|
Posted by RedGrittyBrick on February 28, 2008, 4:47 am
Please log in for more thread options maria wrote:
> On Wed, 27 Feb 2008 22:45:02 -0500, "John W. Kennedy"
>
>> maria wrote:
>>> I am using a CGI program to read XML files and extract their various
>>> items. Somehow, my program converts the apostrophe "’" to ...
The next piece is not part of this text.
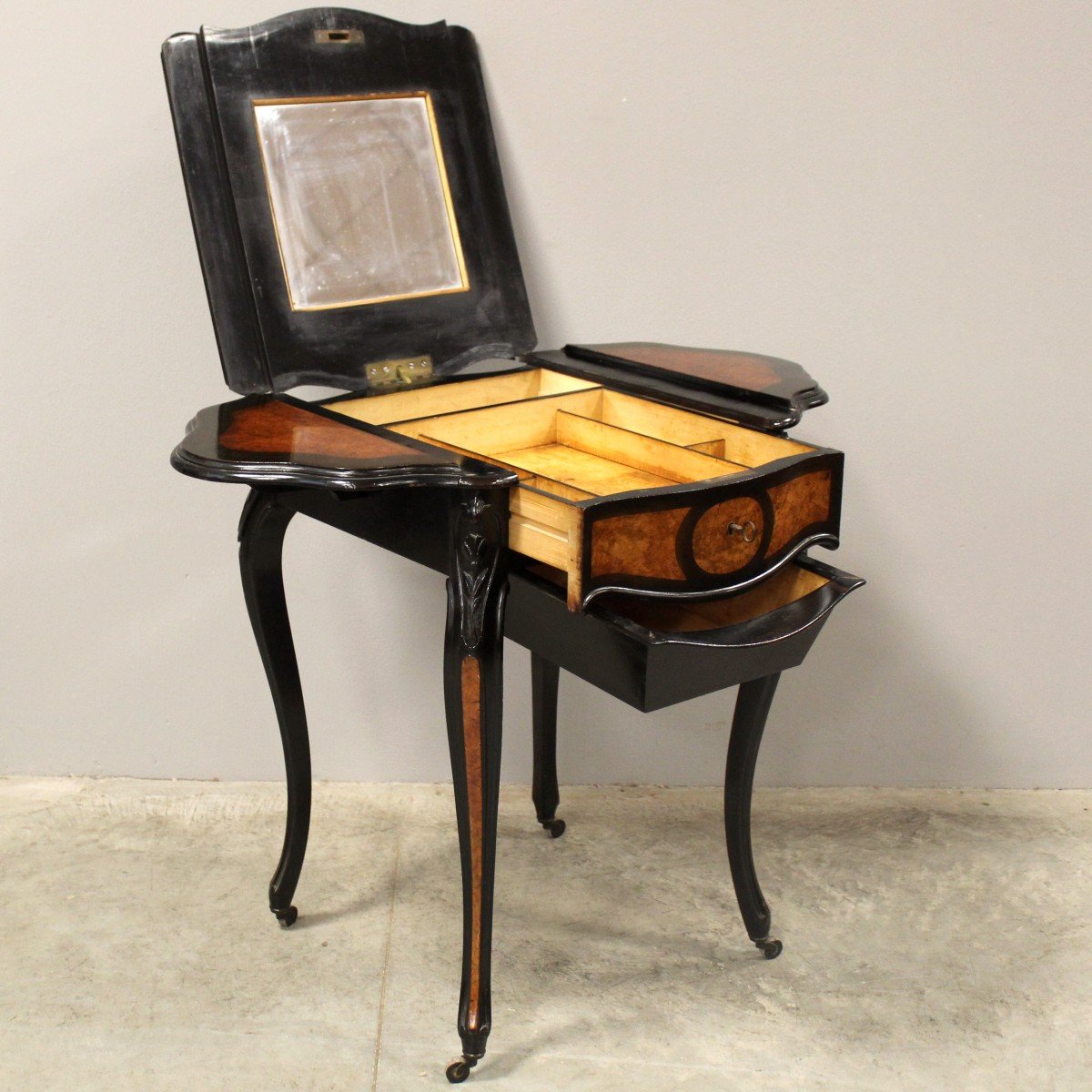 Ancien table d'époque Napoleon III - 19ème-photo-5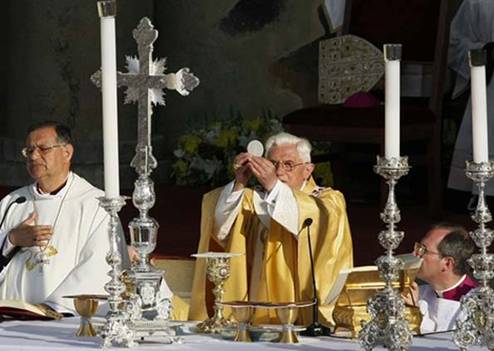 Missa com o Papa Bento XVI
>>> "\â\€\™". How do I program my CGI program to convert "’" to
>>> an apostrophe, "'"? Is there a little CGI code that will convert
>>> all these different strings (including dagger, ellipsis,
>>> euro symbol, double quote, etc.) to their ASCII equivalents?
>>> Thank you very much.
>>>
>>> maria
>> You have a serious misunderstanding that is much too complicated to
>> explain here. Learn about Unicode.
>
> The whole modern world is filled with people who feel compelled to
> respond to other people's messages when they have absolutely nothing
> to say.
>
Oh dear. Replying to percieved rudeness with more rudeness just puts off
potential helpers.
John's reply *did* contain something useful to you.
AIUI John is pointing out that "\â\€\™" is your Unicode apostrophe
encoded in UTF-8 but displayed using an incorrect encoding such as Latin-1.
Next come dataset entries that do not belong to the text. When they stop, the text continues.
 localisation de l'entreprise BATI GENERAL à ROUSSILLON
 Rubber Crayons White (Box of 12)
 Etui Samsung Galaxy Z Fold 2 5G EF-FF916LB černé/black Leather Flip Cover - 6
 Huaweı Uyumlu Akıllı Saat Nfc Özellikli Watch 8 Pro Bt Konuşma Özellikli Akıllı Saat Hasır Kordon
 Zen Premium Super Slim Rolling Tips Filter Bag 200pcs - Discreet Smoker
Unicode code-point u2019 is represented in UTF8 as the byte sequence e2
80 99 (shown here in hexadecimal), that same byte sequence, when
interpreted as Latin-1 is the three characters ’ (a acute, euro,
trademark).
You can learn more about Perl's handling of unicode by typing the
command `perldoc perlunicode`
It's a while since I've read the posting guidelines for this newsgroup
but I'm pretty sure they suggest you include a short example program
that demonstrates your problem. That would make it easier for people to
help you identify what you are doing wrong.
|